II. Disposition of Delisting Petition
Bethlehem Steel Corporation, Sparrows Point, Maryland.
A. Petition for Exclusion
Bethlehem Steel Corporation (BSC), located in Sparrows Point,
Maryland, is involved in the production of tin and chromium plated
parts and steel strip. BSC petitioned the Agency to exclude its
chemically stabilized wastewater treatment filter cake presently listed
as EPA Hazardous Waste No. F006--``Wastewater treatment sludges from
electroplating operations except from the following processes: (1)
Sulfuric acid anodizing of aluminum; (2) tin plating on carbon steel;
(3) zinc plating (segregated basis) on carbon steel; (4) aluminum or
zinc-aluminum plating on carbon steel; (5) cleaning/stripping
associated with tin, zinc and aluminum plating on carbon steel; and (6)
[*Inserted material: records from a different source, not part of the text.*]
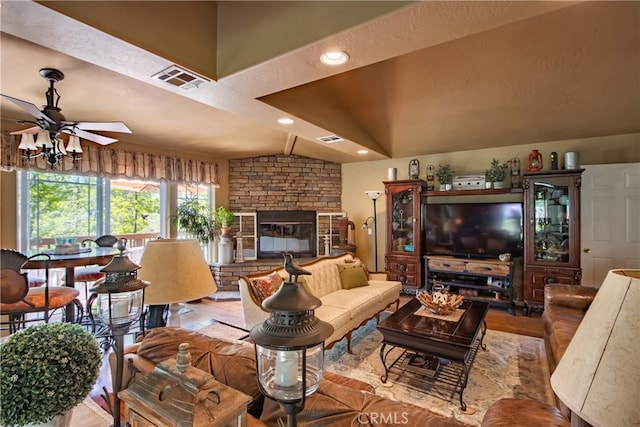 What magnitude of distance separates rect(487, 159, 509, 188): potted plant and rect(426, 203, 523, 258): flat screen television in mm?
322

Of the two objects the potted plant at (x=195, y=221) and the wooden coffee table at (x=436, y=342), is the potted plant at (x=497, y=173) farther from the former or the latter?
the potted plant at (x=195, y=221)

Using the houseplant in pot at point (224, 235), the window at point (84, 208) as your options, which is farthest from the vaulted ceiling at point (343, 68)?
the houseplant in pot at point (224, 235)

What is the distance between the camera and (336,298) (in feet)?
11.4

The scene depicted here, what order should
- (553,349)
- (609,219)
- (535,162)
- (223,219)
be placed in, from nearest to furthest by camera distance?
(553,349) < (609,219) < (535,162) < (223,219)

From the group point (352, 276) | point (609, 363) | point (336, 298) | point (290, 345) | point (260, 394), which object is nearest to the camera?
point (609, 363)

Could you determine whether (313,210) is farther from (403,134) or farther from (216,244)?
(403,134)

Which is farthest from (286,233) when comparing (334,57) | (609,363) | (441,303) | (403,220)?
(609,363)

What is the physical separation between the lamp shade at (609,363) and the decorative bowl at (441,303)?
223 centimetres

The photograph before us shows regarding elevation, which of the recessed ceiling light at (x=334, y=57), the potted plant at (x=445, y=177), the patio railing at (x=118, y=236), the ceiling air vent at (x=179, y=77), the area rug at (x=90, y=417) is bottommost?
the area rug at (x=90, y=417)

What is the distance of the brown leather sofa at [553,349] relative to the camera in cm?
122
chemical etching and milling of aluminum''. The listed constituents of
concern for EPA Hazardous Waste No. F006 waste are cadmium, hexavalent
chromium, nickel, and cyanide (complexed) (see part 261, appendix VII).
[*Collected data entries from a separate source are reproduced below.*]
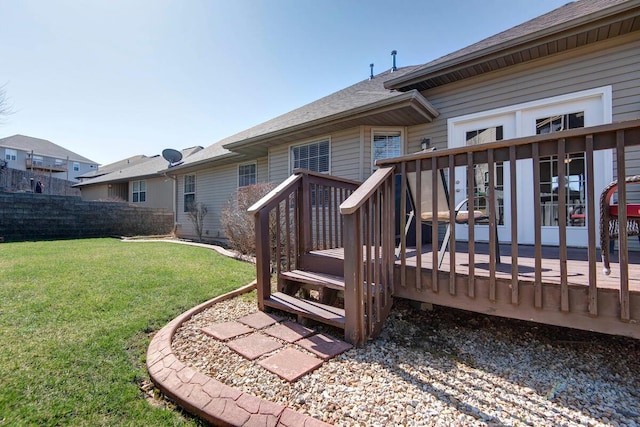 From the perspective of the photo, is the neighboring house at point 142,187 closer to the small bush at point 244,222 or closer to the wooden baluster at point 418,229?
the small bush at point 244,222

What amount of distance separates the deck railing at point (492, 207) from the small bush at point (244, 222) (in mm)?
3768

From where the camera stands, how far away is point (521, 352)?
2193 millimetres

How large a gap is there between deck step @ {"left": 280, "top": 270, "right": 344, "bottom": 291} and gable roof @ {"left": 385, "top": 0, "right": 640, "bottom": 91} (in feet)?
12.9

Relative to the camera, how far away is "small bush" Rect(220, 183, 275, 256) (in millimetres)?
5879

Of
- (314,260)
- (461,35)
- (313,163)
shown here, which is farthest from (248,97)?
(314,260)

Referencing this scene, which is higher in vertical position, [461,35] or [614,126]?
[461,35]

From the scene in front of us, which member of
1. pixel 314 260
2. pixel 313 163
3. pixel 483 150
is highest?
pixel 313 163

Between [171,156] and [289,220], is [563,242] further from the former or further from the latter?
[171,156]

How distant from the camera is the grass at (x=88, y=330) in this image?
1540mm

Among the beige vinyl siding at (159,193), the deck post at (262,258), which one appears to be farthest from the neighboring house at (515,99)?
the beige vinyl siding at (159,193)

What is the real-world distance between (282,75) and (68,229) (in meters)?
8.69

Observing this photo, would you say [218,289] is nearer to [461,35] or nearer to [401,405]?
[401,405]

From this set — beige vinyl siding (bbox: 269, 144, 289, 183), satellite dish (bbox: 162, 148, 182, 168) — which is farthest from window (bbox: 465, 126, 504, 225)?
satellite dish (bbox: 162, 148, 182, 168)

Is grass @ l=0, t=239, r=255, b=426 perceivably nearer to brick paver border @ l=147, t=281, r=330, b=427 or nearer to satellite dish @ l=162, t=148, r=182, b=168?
brick paver border @ l=147, t=281, r=330, b=427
BSC petitioned the Agency to exclude its stabilized filter cake
because it does not believe that the waste, once generated, will meet
the criteria of the listing. BSC claims that its treatment process will
generate a non-hazardous waste because the constituents of concern in
the waste are either not present or are in an essentially immobile
form. BSC also believes that the waste will not contain any other
constituents that would render the waste hazardous. Review of this
petition included consideration of the original listing criteria, as
well as the additional factors required by the Hazardous and Solid
Waste Amendments (HSWA) of 1984. See section 222 of HSWA, 42 U.S.C.
6921(f), and 40 CFR 260.22(d)(2)-(4). Today's proposal to grant this
petition for delisting is the result of the Agency's evaluation of
BSC's petition.
B. Background
On January 2, 1991, BSC petitioned the Agency to exclude its
stabilized filter cake from the lists of hazardous wastes contained in
Sec. 261.31 and Sec. 261.32, and subsequently provided additional
information to complete its petition. Specifically, BSC requested that
the Agency grant an upfront exclusion (i.e., an exclusion that applies
to waste not presently generated) for dewatered filter cake that will
be stabilized using lime kiln dust and powerplant fly ash at its
Sparrows Point facility.
In support of its petition, BSC submitted: (1) Detailed
descriptions of its manufacturing, waste treatment, and stabilization
processes, including schematic diagrams; (2) Material Safety Data
Sheets (MSDSs) for all trade name products used in the manufacturing
and waste treatment processes; (3) results from total constituent
analyses for the eight Toxicity Characteristic (TC) metals listed in
Sec. 261.24, nickel, cyanide, zinc, and sulfide from representative
samples of the dewatered (unstabilized) filter cake and the stabilized
filter cake; (4) results from the EP Toxicity Test and the Toxicity
Characteristic Leaching Procedure (TCLP, SW-846 Method 1311) for the
eight TC metals (except for barium and selenium) and nickel from
representative samples of the dewatered (unstabilized) filter cake,
uncured stabilized filter cake, and the cured stabilized filter cake;
(5) results from total oil and grease analyses from representative
samples of the dewatered (unstabilized) filter cake and stabilized
filter cake; (6) results from the Multiple Extraction Procedure (MEP,
SW-846 Method 1320) for the eight TC metals (except for barium and
selenium) and nickel from representative samples of the stabilized
filter cake; (7) test results and information regarding the hazardous
characteristics of ignitability, corrosivity, and reactivity; (8)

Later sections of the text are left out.